Students will interpret a right-skewed boxplot by identifying the five-number summary and comparing mean and median.

Bloom's Taxonomy Level: Analyze (L4)

Bloom's Verb: Interpret

Prerequisites

  • Understanding of quartiles and median
  • Familiarity with boxplots

Suggested Duration

10-15 minutes for guided exploration

Classroom Activities

Activity 1: Spot the Skew (5 minutes)

  1. Load the default view and ask students: "Which whisker is longer?"
  2. Have them explain what the long upper whisker implies about very high incomes.
  3. Ask: "Where is the median compared to Q1 and Q3?"

Activity 2: Mean vs Median (5 minutes)

  1. Keep the mean marker visible.
  2. Ask: "Is the mean above or below the median?
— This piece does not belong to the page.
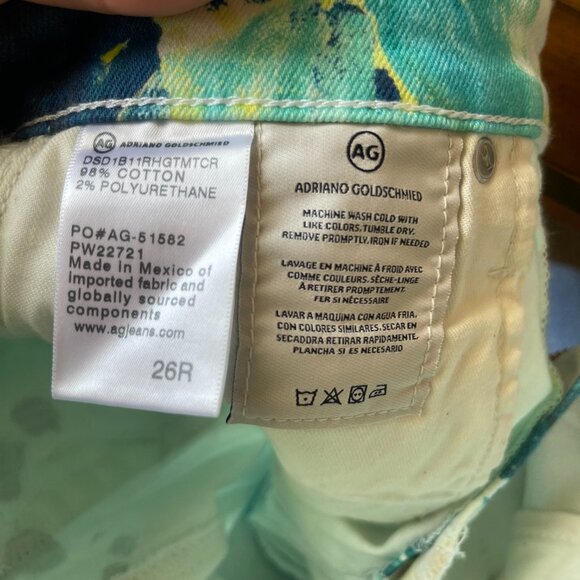 NWT AG High rise Tie Dye Alexxis Shorts - 26 - Picture 10 of 11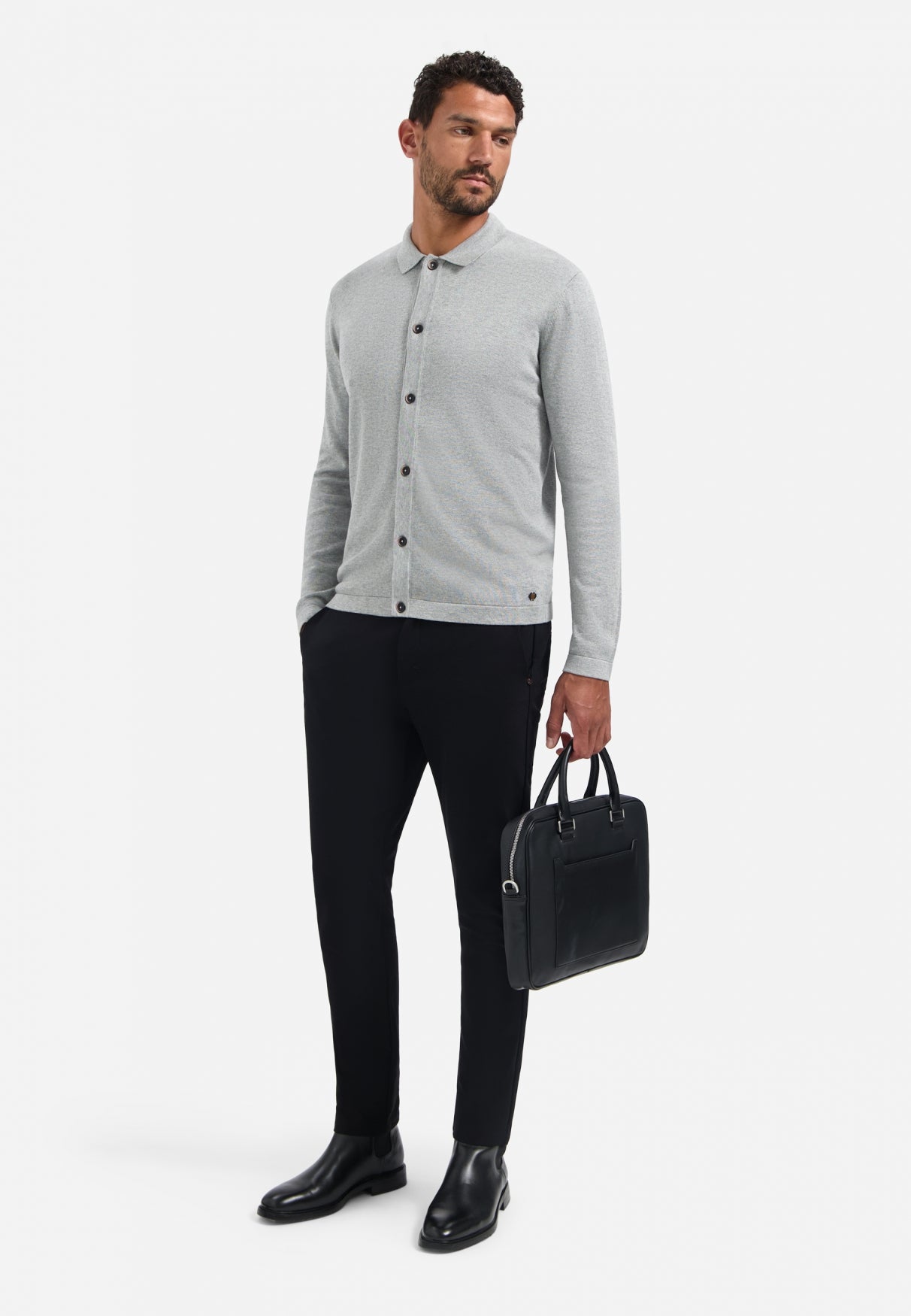 Vest met knoopsluiting | GREYMELANGE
Why?"
  3. Increase the inequality slider and observe how the mean moves.

Activity 3: Inequality Without Raw Data (3 minutes)

  1. Hide the individual points.
  2. Ask: "What can we say about inequality just from the boxplot?"
  3. Toggle the outlier and discuss the change in the maximum.

Discussion Questions

  1. Why does the median stay closer to Q1 in a right-skewed distribution?
  2. How does a single high-income outlier affect the maximum and whisker length?
  3. What does the distance between Q1 and Q3 tell you about typical households?

Assessment Opportunities

  • Quick write: "Describe the distribution using center and spread."
  • Compare two boxplots (before/after higher inequality) and interpret the change.

Common Misconceptions to Address

  • The mean equals the median: Show how skew pushes the mean upward.
  • Whiskers are averages: Clarify they show data ranges, not means.
  • Small box means low values: Emphasize that box size shows spread, not level.

Technical Notes

  • Built with Plotly.js
  • Responsive layout for iframe embedding
  • Incomes generated from a log-normal model and clamped to realistic bounds

Reminder: Create a screenshot named household-income-boxplot.png for social media previews.